Years ago I could brag about my interrupt driven approach to work. There was no problem at all for colleagues to ask me to solve a problem while I was in the middle of a totally different task. I could easily set aside the work, find a solution to their problem, often chatting to my room mate about another problem in the mean time, and get back to where I was without even thinking.
My desk was filled with papers and although I could usually find what I was looking for I sometimes missed an important appointment or event because I had forgotten about it.
The turning point came when I realised I had faithfully promised a colleague to solve a problem and half an hour later I didn’t remember who it was let alone what it was. I wanted to mark it off as an incident, but the incident kept recurring. Time to find other methods.
I’ve always been interested in time management methods and techniques and so I dug out the course material I had once bought but never used. This referred to Stephen Covey, so I bought his books. The steps looked easy enough, so I did all the extercises, but it left me with a few questions: is my mission statement a true mission statement? If I define roles and goals and subsequent actions, what should I do with the stuff I’m paid to do?
I didn’t feel comfortable with my mission statement. It looked more than a copy and paste of others than something I could live my life by. And I had no clue what to change. Of course you can argue that if my goals and every day stuff don’t match up, it’s time to find a different job, but I liked my job and I liked the things I had to do.

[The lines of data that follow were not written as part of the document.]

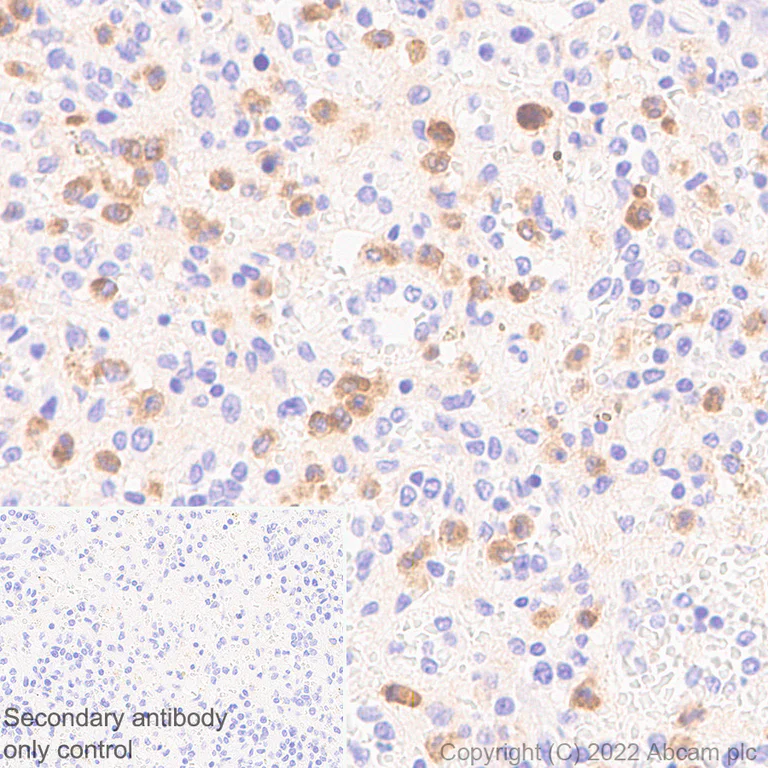 Immunohistochemistry (Formalin/PFA-fixed paraffin-embedded sections) - Anti-SIGLEC5 antibody [EPR26250-156] - BSA and Azide free (AB307435)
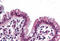 SWI/SNF Related, Matrix Associated, Actin Dependent Regulator Of Chromatin, Subfamily B, Member 1 antibody, MBS245670, MyBioSource, Immunohistochemistry frozen image 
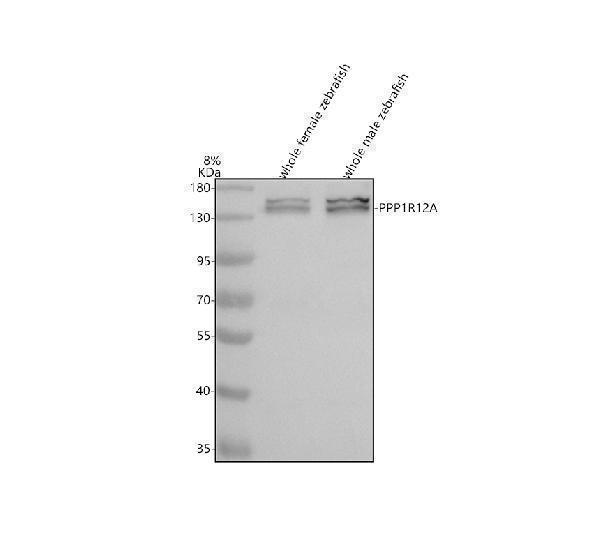 Western blot analysis of PPP1R12A using anti-PPP1R12A antibody (AZQ6DRG7)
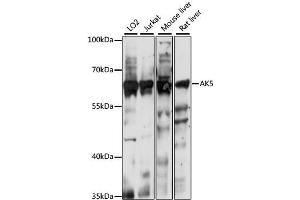 Western blot analysis of extracts of various cell lines, using AK5 antibody. (Adenylate Kinase 5 antibody)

On my quest for a solution, I came across Getting Things Done (GTD). There was no talk of mission statements and it made a lot more sense to clear the runway before you could rise to 10,000 and 20,000 feet. This was the down to earth stuff I could work with. At first I read articles here and there and I was convinced that doing the tricks and getting the tools was sufficient. And at first it was. The landfill of papers on my desk quickly disappeared when I realised my filing cabinet could also hold “current” projects. I already had an inbox, but now I could put it to use. The tickler file was easy to implement and fun to use.
Up to this day, some 6 years later, my desk is still empty and the inbox and tickler file are still in use.
However, that’s it. Ever since, I’ve been struggling to find the “best” system for my projects, project support material and next actions lists. I went from my beloved Palm PDA to a classic planner from DIYPlanner to my shiny new PowerBook to a hipster PDA and back to my PDA. What bugs me most is the procrastination streak. I’m easily distracted, and no, I don’t think I’m an ADD candidate. If my lists are too long, I get overwhelmed and stop looking at them. If my system is too complicated I don’t use it because it requires updates in several different places.
Simplifying the system has not yet resulted in a coherent system that works overall. Oh yes, I do have all time winners. I’m using HandyShopper for the groceries and other lists from the day I found it. It still works fine and I haven’t found anything better. Yet, without a desktop companion on my PowerBook, it’s hard to rearrange the lists or build new ones. So it pretty much stops after the groceries and two or three other lists. Another winner is DateBk5. I probably use only 20% of it’s features but that’s enough. I never want to go back to a paper-based calendar.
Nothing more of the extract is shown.